Now apartments on Phoenix Island which reached the dizzying heights of 150,000 yuan per square metre (US$2,200 per square foot) in 2010 are on offer for just 70,000 yuan, said Sun Zhe, a local estate agent.
Elsewhere in China, though, a report last week showed that home prices may already be recovering, suggesting that policies to curb property prices may be maintained or even tightened.
Meanwhile, the latest cooling measure in Hong Kong appears to have had an effect. From Bloomberg:
Residential property sales in Hong Kong fell after sales tax was doubled on property costing more than HK$2 million ($258,000), according to Midland Holdings Ltd., the city’s biggest publicly traded realtor.
Secondary sales for the 15 most popular housing estates fell 15 percent this weekend from the previous weekend, according to Buggle Lau, Midland’s chief analyst.

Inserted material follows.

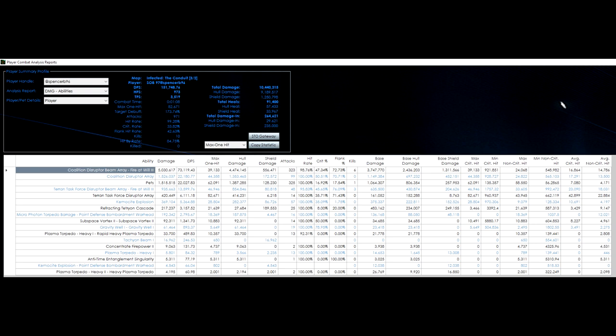Now, most of our testing we did with Fire at Will was before they did the recent GDF changes, so it's possible it may end up being not as much of a hit, but that's to be determined because we can't get enough testing done on Tribble.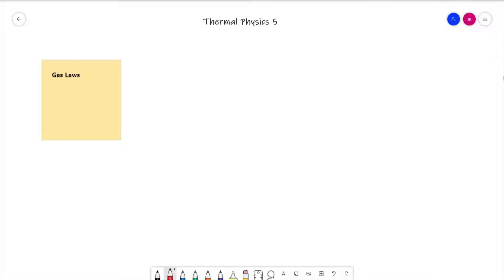Hello everybody and welcome to thermal physics lesson five. In the last video we looked at the gas laws — the four key gas laws we need to study for A-level physics. Rather than summarizing them again at the start of this video, we're going to take those and look at how to combine them all together, so we'll jump straight in.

Hong Kong’s government raised stamp duty from Feb. 23 to 8.5 percent of the purchase price for all properties above the HK$2 million threshold. It was the third set of property curbs to cool the city’s real estate market since Chief Executive Leung Chun-ying took office in July. Home prices have doubled in the past four years on near-record low mortgage rates, an influx of mainland Chinese buyers and a lack of new supply.
Over in Singapore, though, there may have been one last hurrah for the property market. Again from Bloomberg:
Singapore home sales rose 43 percent in January from the previous month as buyers rushed to purchase homes right after the government announced cooling measures to ease residential prices...
Singapore home prices reached a record high in the fourth quarter amid low interest rates, raising concerns of a housing bubble and prompting the government to introduce its seventh round of cooling measures on Jan. 11.
Singapore has been attempting to rein in prices since 2009...
The relentless tide of liquidity from central banks around the world means that the fight against property price inflation by regulators, especially those in Asia, have mostly been a losing one so far. Note in particular the Singapore authorities' long fight to cool property prices.